DATA SEGMENT ->
····················
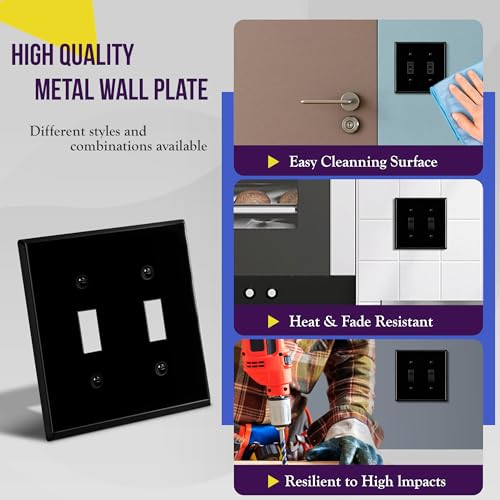 ENERLITES Double Toggle Light Switch Metal Cover Plate, 2-Gang Black Gloss - color: Black Gloss, size: Standard Size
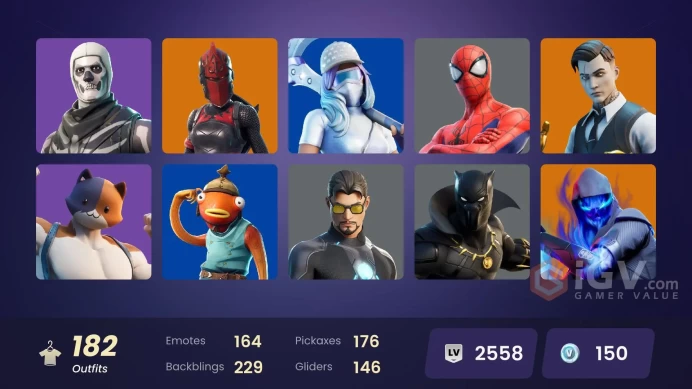 PC,PSN,XBOX 182 SKINS FA - JOLTARA,VEGETA,SUPERSONIC,BACKLASH,DOOM,BATMAN,VENOM,WONDER WOMAN,HANA,THOR,EDDIE BROCK,LARA CROFT RK661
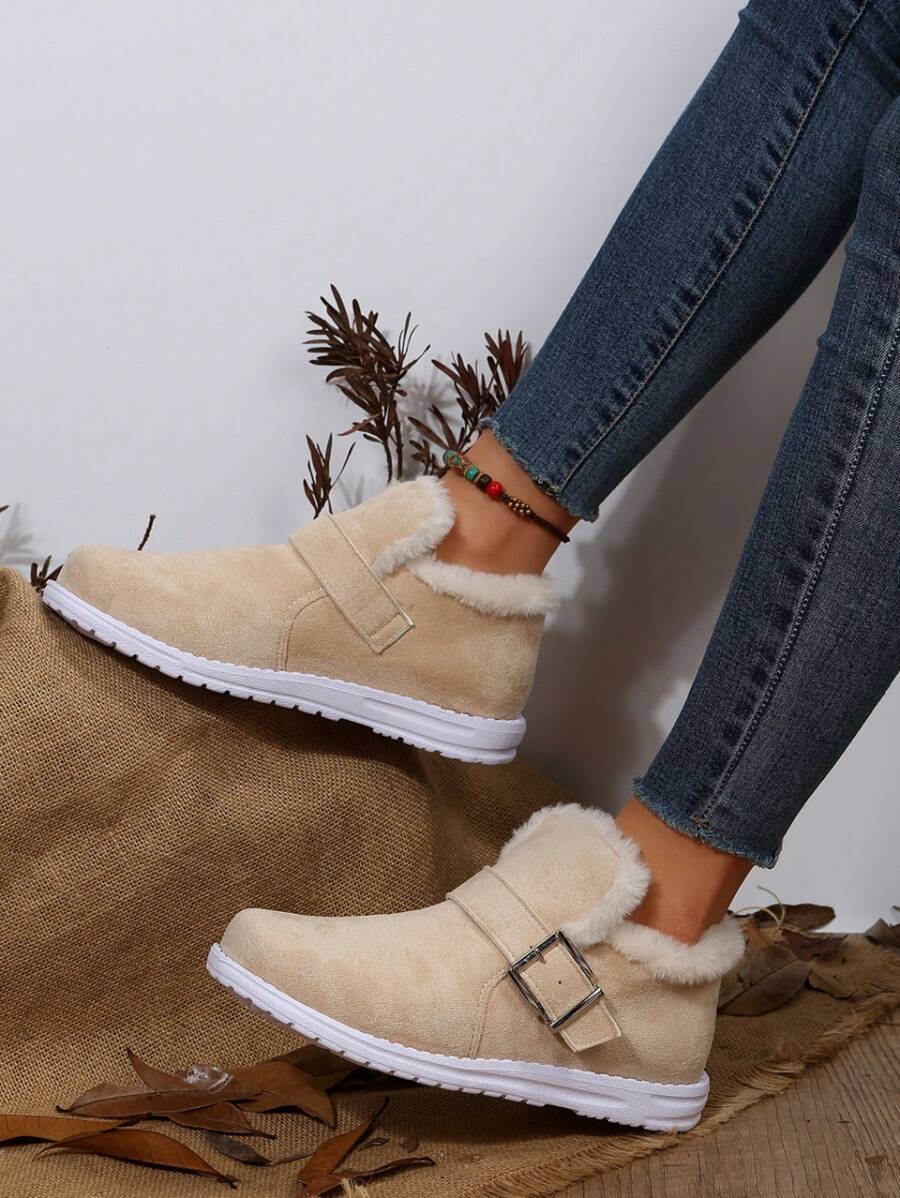 New Style Women'S Short Boots, Winter 2023, Big Size, Warm Snow Boots, Casual Solid Color, Slip-On Buckle, Low-Cut Suede, Slip-Resistant, Wear-Resistant And Lightweight
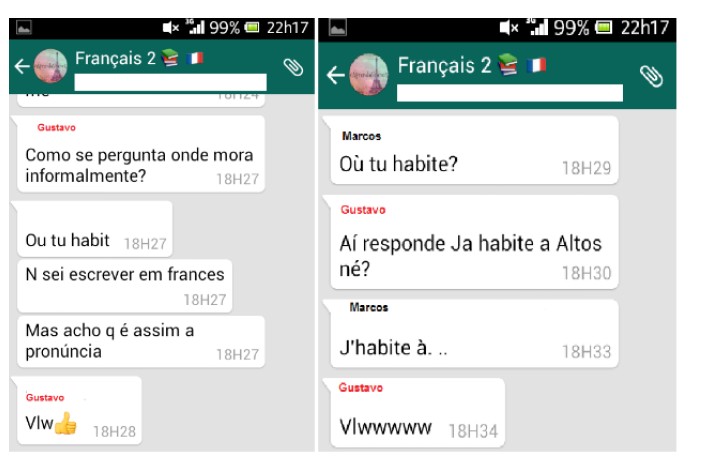 Conversa no WhatsApp antes de realizar a experiência.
····················
EXERCISE REQUIREMENTS ->
Once more, please print the whole listing exactly, omitting each image.

OUTPUT OF THE EXERCISE ->
 ENERLITES Double Toggle Light Switch Metal Cover Plate, 2-Gang Black Gloss - color: Black Gloss, size: Standard Size
 PC,PSN,XBOX 182 SKINS FA - JOLTARA,VEGETA,SUPERSONIC,BACKLASH,DOOM,BATMAN,VENOM,WONDER WOMAN,HANA,THOR,EDDIE BROCK,LARA CROFT RK661
 New Style Women'S Short Boots, Winter 2023, Big Size, Warm Snow Boots, Casual Solid Color, Slip-On Buckle, Low-Cut Suede, Slip-Resistant, Wear-Resistant And Lightweight
 Conversa no WhatsApp antes de realizar a experiência.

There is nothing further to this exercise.